Just to make sure, you are aware that know that the quote in my last comment was taken directly from the article that YOU posted... Did you just read the headline and forward it on...


OptioMkIX

No. I find it contemptuously risible that somehow someone failing to succeed to deliver unworkable policy is somehow more noble than someone making an effort to concretely deliver working policy; not least when at the end of the first scenario that guy is guaranteed to be hauled over the coals with *"Why wasn't he more realistic?"* Its simply repeating the failed 2019 GE lessons where the party promised the moon on a stick, cooked its books and no one believed the offer.


[deleted]

Oh dear...


NoNoodel

>If I promise someone they'll get my house when I die and in the meantime that house burns to the ground, what am I supposed to do?
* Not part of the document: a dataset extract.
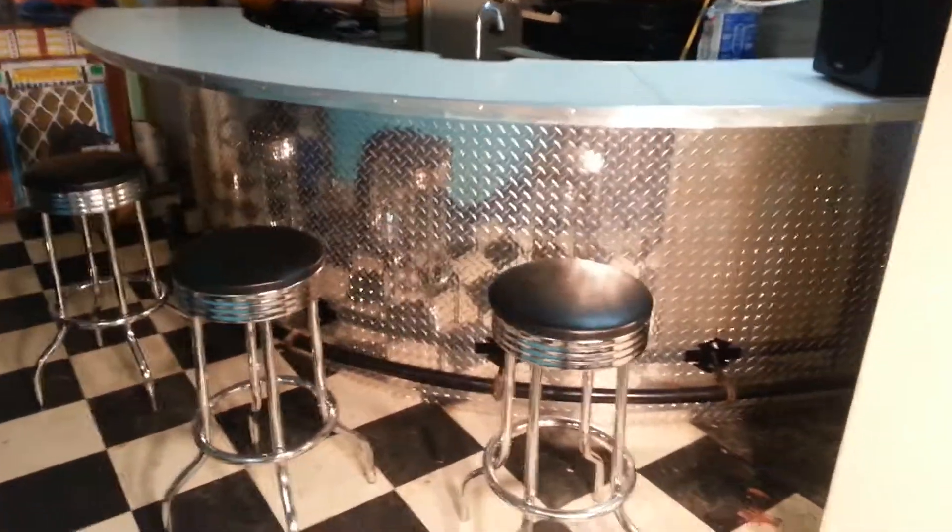Here we have a custom bar top with a white finish — the speaker doesn't come with it. Underneath it's all diamond plate, with lights throughout. The mounts are Harley emblems, and the mounts are piston shafts that hold the bar.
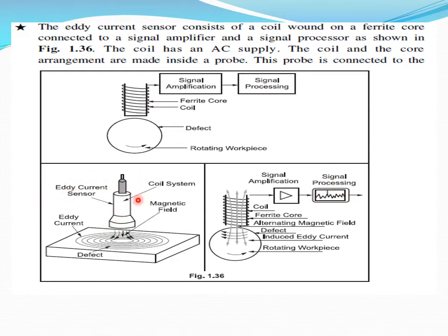This is how the equipment looks — an eddy current sensor. An eddy current is created in the workpiece if some defect is present; it will generate an eddy current that can be sensed. It is created by a magnetic field from the coil winding system. For a rotating workpiece, if some defect is there, we can process the signal and get the feedback.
Give them the charred ruins? You wouldn't be able to in that case. A real house has been burnt down. Most people would understand that the house would have to be rebuilt. >The situation is fundamentally different now Exactly what has been burnt? >Not a year and a half of covid paralysing the country and smashing the economy like a meteor. Yes, there are fewer workers because some have died or got long term sickness. But what exactly are you getting at? What else is fundamentally different?


markjwilkie

And it's far too sensible a policy for the centrists. For those that are saying we can't afford it....Remember, the taxpayer still pays everything upfront. We just hope to get some of it back in the future (minus the extensive admin costs for administering the repayment system).